▶ Exercise instructions:
The range runs from the line containing "Открытка на каждый" to the last line of the entries. Copy that range exactly, omitting pictures.

** Opening Material for this task block **

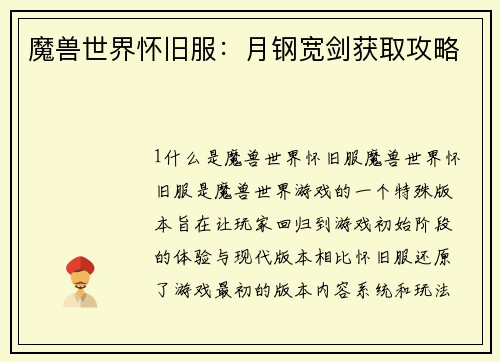 魔兽世界怀旧服：月钢宽剑获取攻略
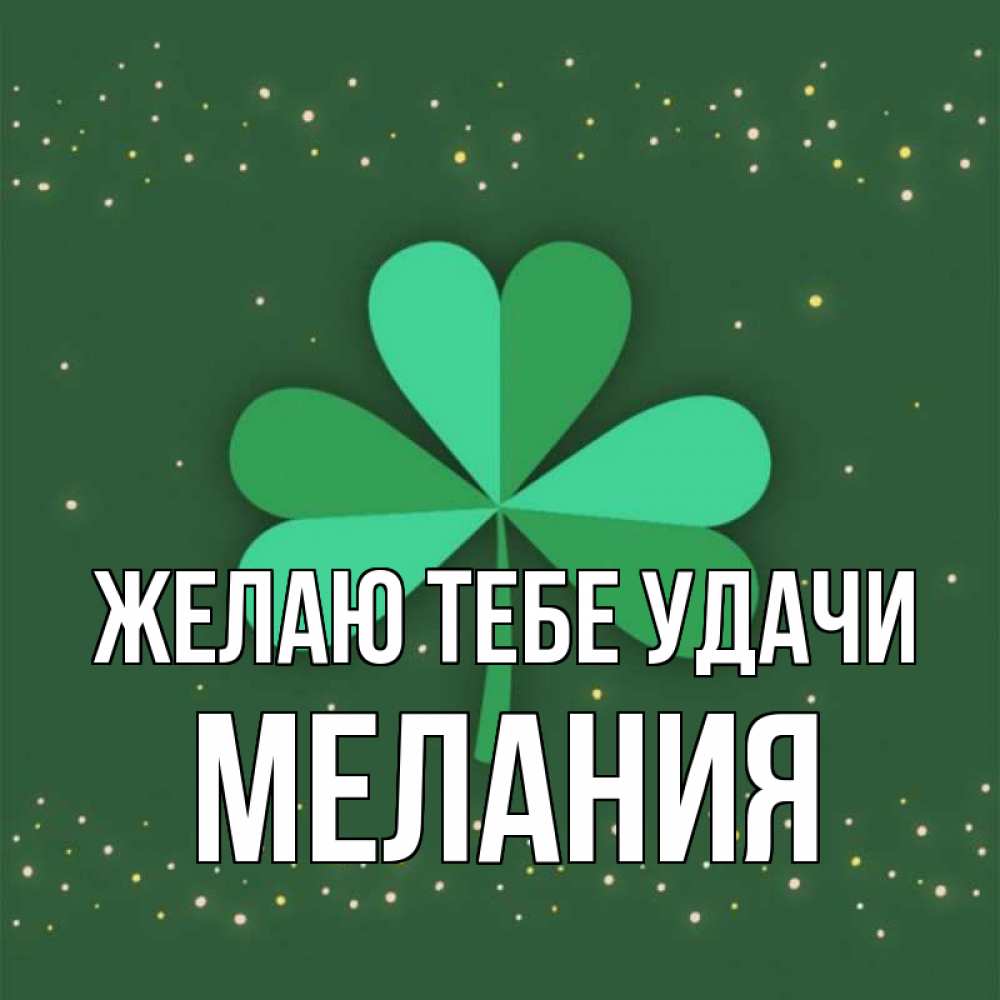 Открытка на каждый день с именем, Мелания Желаю тебе удачи лист клевера Прикольная открытка с пожеланием онлайн скачать бесплатно 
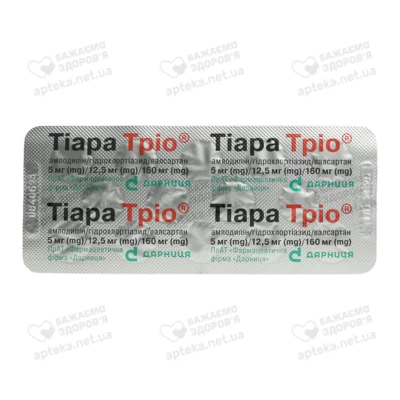 Тіара Тріо таблетки вкриті оболонкою 5 мг/12,5 мг/160 мг №28 — Фото 4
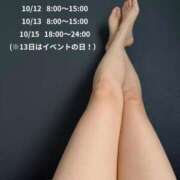 ヒメ日記 2025/10/10 17:51 投稿 モモナ マドンナ(仙台)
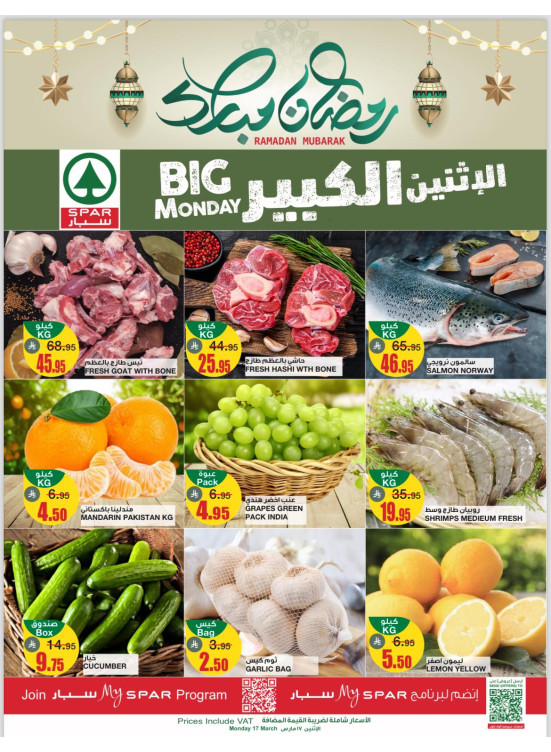 عروض الأثنين الكبير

** Closing Material for this task block **

▶ Answer to this problem:
 Открытка на каждый день с именем, Мелания Желаю тебе удачи лист клевера Прикольная открытка с пожеланием онлайн скачать бесплатно 
 Тіара Тріо таблетки вкриті оболонкою 5 мг/12,5 мг/160 мг №28 — Фото 4
 ヒメ日記 2025/10/10 17:51 投稿 モモナ マドンナ(仙台)
 عروض الأثنين الكبير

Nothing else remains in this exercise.